Let me see if I can paraphrase him correctly.

1) Cost-benefit calculations are not a substitute for ethical deliberation.

2) It is impossible to objectivley make welfare comparisons between people. So the concept of efficiency is useless.

With regards to number one, I've made the same argument myself. With regards to two, let's say I thought he was 100% correct (some days I do). That still wouldn't change my mind about efficiency. I might simply put on my Coase-hat and argue that using efficiency estimates to justify daily interventions with the market is unwise, but that the concept of efficiency and the other tools of welfare economics can inform how we construct our institutional structure.

On other days, I believe that we can find examples of where the market has failed by estimating costs and benefits. It is a rare occassion, but I think an example like the Erie Canal is a good candidate. Like I said, this all depends on my mood, which is either encouraged or discouarged by the cost-benefit analysis I see on the job.
 
Travis,

No need to actually compare interpersonal utility. I think my statement might be confusing. I only ment that institutions (like the legal system) might be better for settling these disputes and achieveing "socially optimal" outcomes than the cost-benifit-guided redistributions that Rothbard pretends "mainstream economists" long for.

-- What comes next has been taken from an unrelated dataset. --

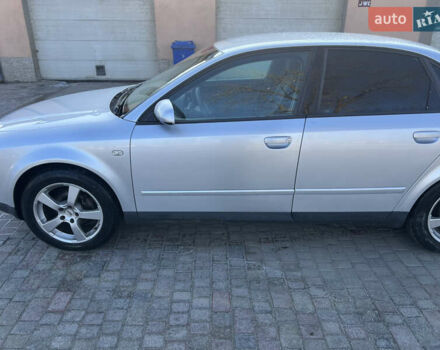 Сірий Ауді А4, об'ємом двигуна 2 л та пробігом 260 тис. км за 4200 $, фото 5 на Automoto.ua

Maybe Coase's nobel lecture will give you a flavor of what I'm talking about.
http://nobelprize.org/economics/laureates/1991/coase-lecture.html

As far as life, liberty, and property go, that might be a viable approach, but that isn't what I'm arguing. I am only saying that one can still agree with Rothbard's two major criticisms and STILL find efficiency an appropriate (or at least informative) criteria.